> GIVEN ENTRIES
================================

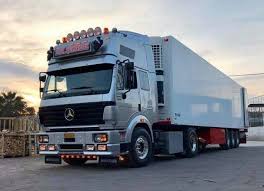 Mercedes Benz Sk Genel Oldtimer Lkw Lkws Lastwagen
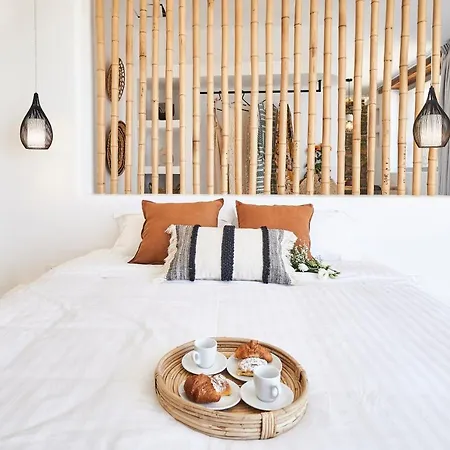 Casa de Férias Teal Rock Mykonos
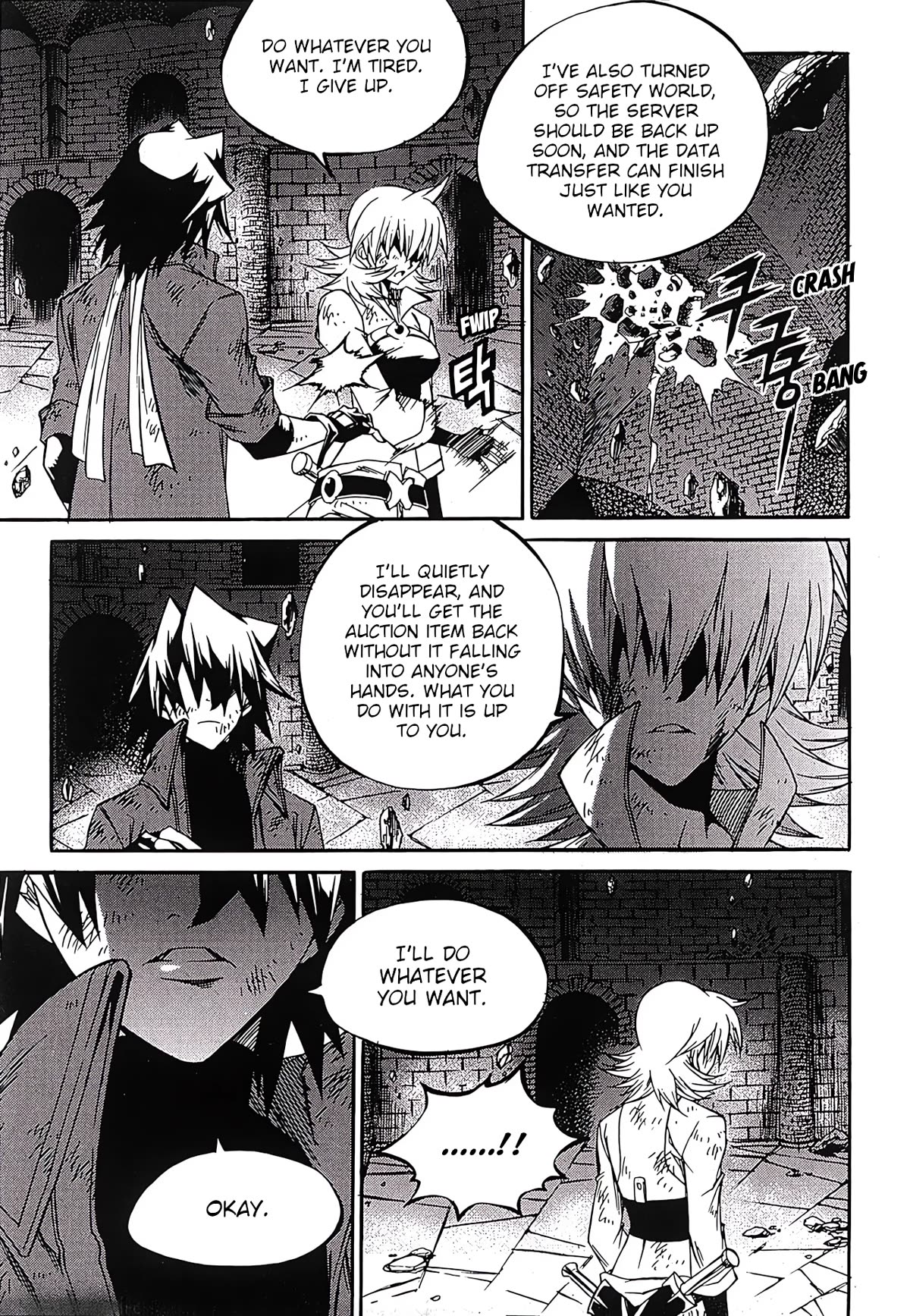 Yureka Chapter 252 page 18 - Chapter 252: Soliloquy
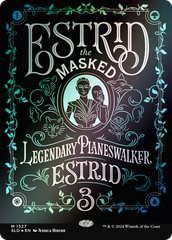 Estrid, the Masked [Secret Lair Drop Series] | Galactic Gamez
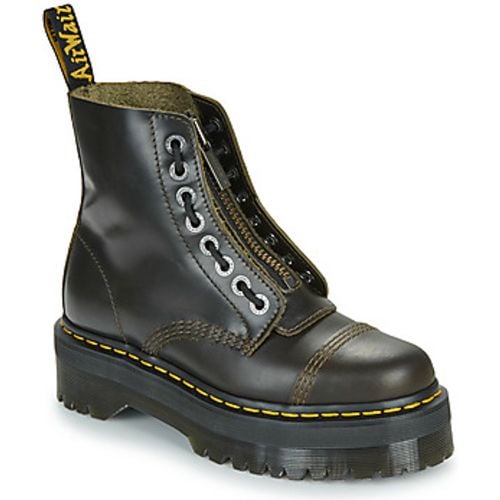 Stiefeletten Sinclair Dark Taupe Orleans - Dr. Martens - Modalova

================================

> TASK DESCRIPTION
Output, word for word, the full listing above, with no pictures.

> SOLVED PROBLEM
 Mercedes Benz Sk Genel Oldtimer Lkw Lkws Lastwagen
 Casa de Férias Teal Rock Mykonos
 Yureka Chapter 252 page 18 - Chapter 252: Soliloquy
 Estrid, the Masked [Secret Lair Drop Series] | Galactic Gamez
 Stiefeletten Sinclair Dark Taupe Orleans - Dr. Martens - Modalova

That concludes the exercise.